Cars that Can't Crash?
johnsee writes "Microsoft is working with Ford Motor Co towards car that can't crash. The future of cars according to Gates will involve high-definition screens, speech recognition technology, cameras, digital calendars and navigation equipment with directions and road conditions." From the article: "Also on Friday, Microsoft unveiled its Performance Peak Initiative -- a line of computer systems to help the auto industry better coordinate supply chains, streamline design, production and sales and fill vehicles with computer gadgets."
Yes the story invites the inevtiable, insipid jokes about Microsoft and unstable software. Some are even clever. Some might even be funny.
It is worth pointing out the scale of this proejct for those who can't (or won't) accept it: cars are simpler than general purpose computers. Yes, cars are complicated machines with lots of interworking parts. However, the hardware installation on a car is fixed (within paramters) whereas today's general purpose PCs are not.
The flexibility of modern computer peripherals makes for seemingly endless combinations of hardware and existing software. Microsoft attempts to support quite a few of those combinations, with the mixed results we see today.
But cars are a different beast. I bet it's possible to get good test coverage of this car software through test driving. The scope is that much smaller. Think of your favorite console game; has it crashed recently? Ever? It is possible to create software that passes some reliability metric with a fixed hardware platform. A general purpose OS would be hard pressed to make that guarantee.

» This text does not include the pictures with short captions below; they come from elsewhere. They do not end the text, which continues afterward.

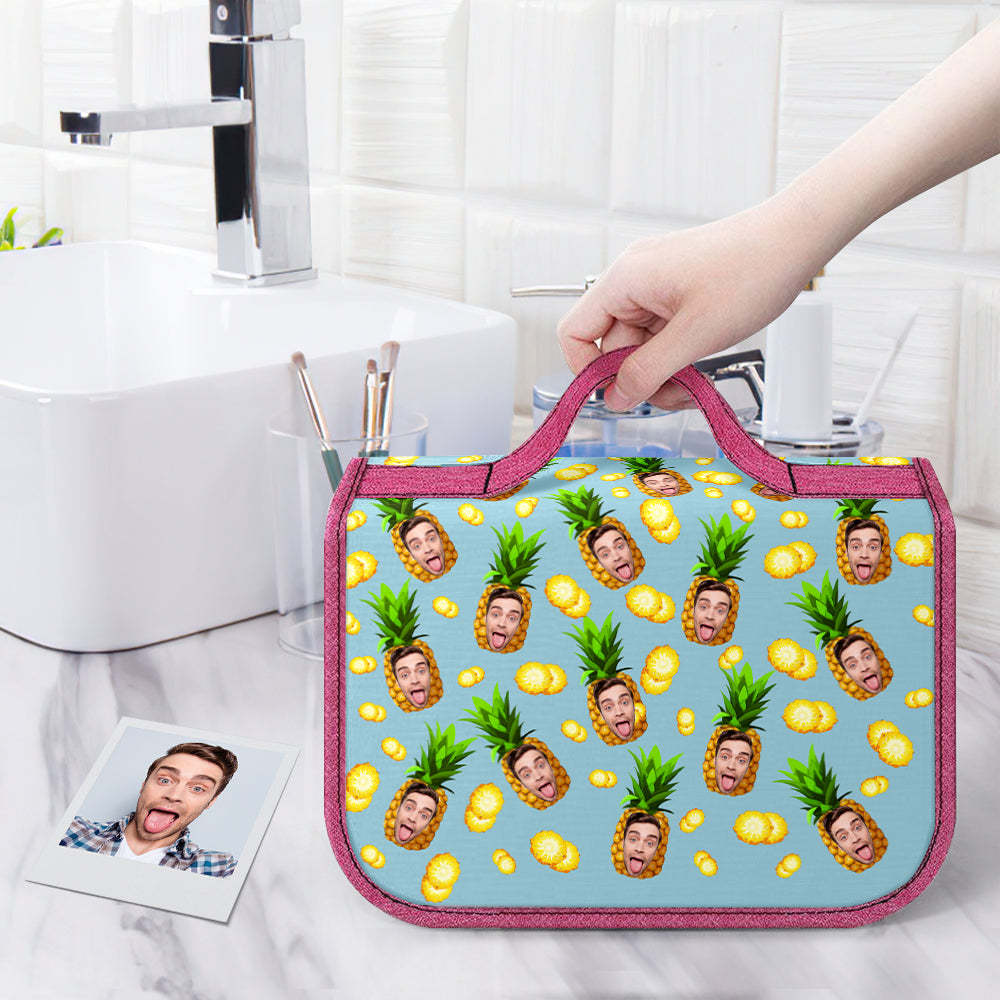 Custom Face Hanging Toiletry Bag Personalized Pineapple Cosmetic Makeup Travel Organizer for Men and Women - Get Photo Blanket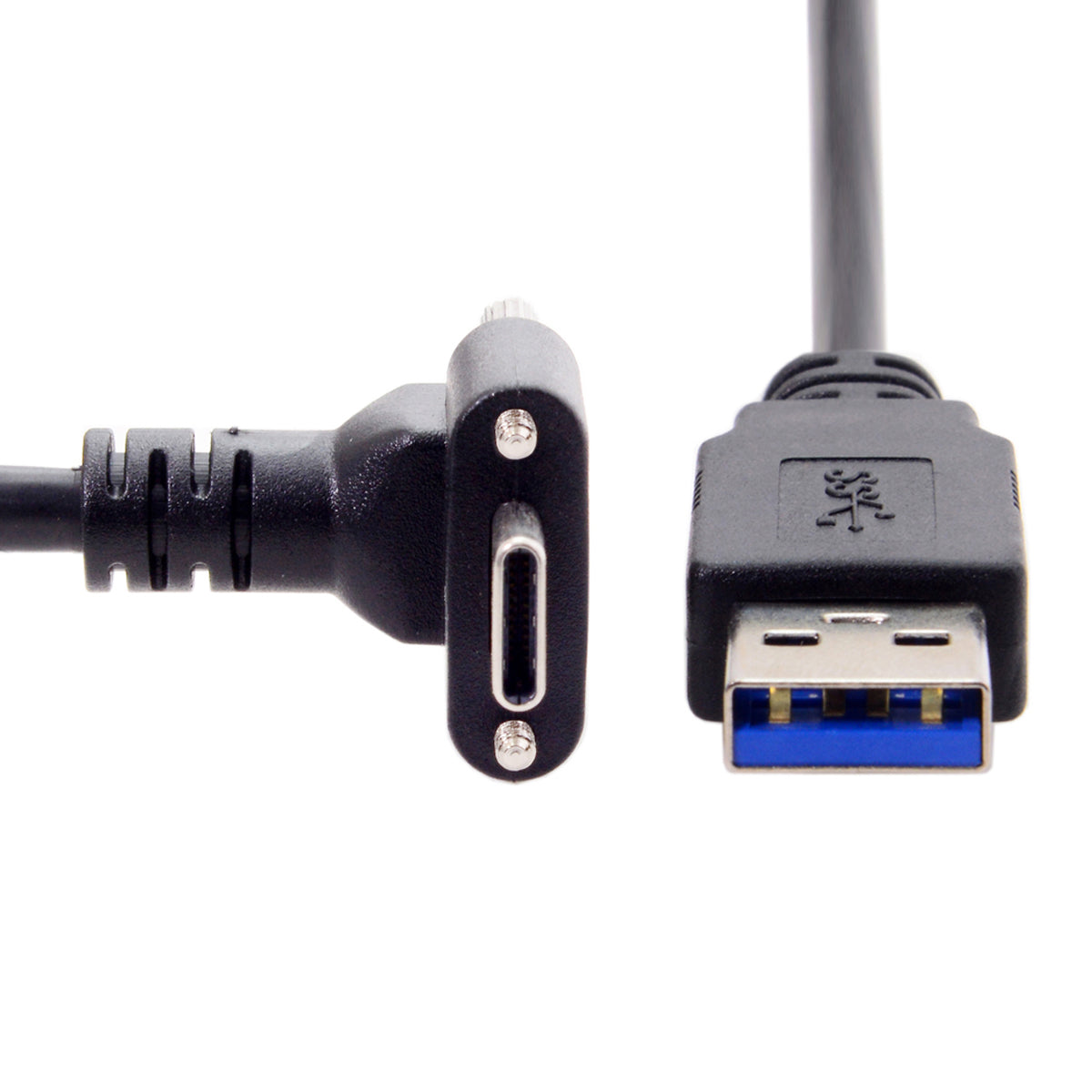 USB 3.1 Kabel 8 m Typ C Stecker zu 3.0 Typ A Stecker Schraube Winkel Schwarz | System-S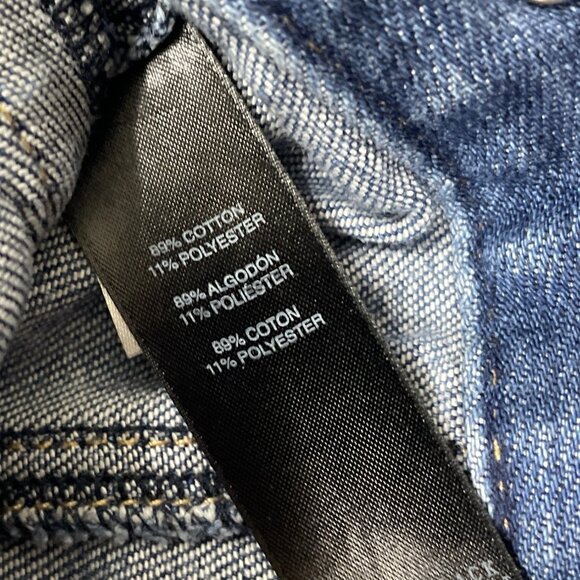 White House Black Market Women’s Blue Denim Button-Front Fitted Jacket Sz 4 - Picture 8 of 9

Microsoft could get this right technically speaking. It remains to be if they do.
Oh, and is it a good idea? I wouldn't buy one :)
Just a few weeks ago my wife and I were leaving a restaurant's parking lot after dinner and the engine was running really rough. I mean really, really rough, and this truck has always run fine before. It coughed and it gasped, and the power was just not there. I stopped and started the engine, but it still continued to run rough. I got maybe a half mile down the road when I realized I wasn't even going to make it home.
I pulled to the shoulder, and was going to phone my son to come pick us up when I said "hey, what happens if I reboot this thing?" So I turned off the engine, let it sit totally dark for about five seconds, then started it up. It started right up and took off, no problems, no choking, no gasping.
A cold reboot fixed my truck.
And now Microsoft wants them to run WINDOWS on this thing? Words fail me.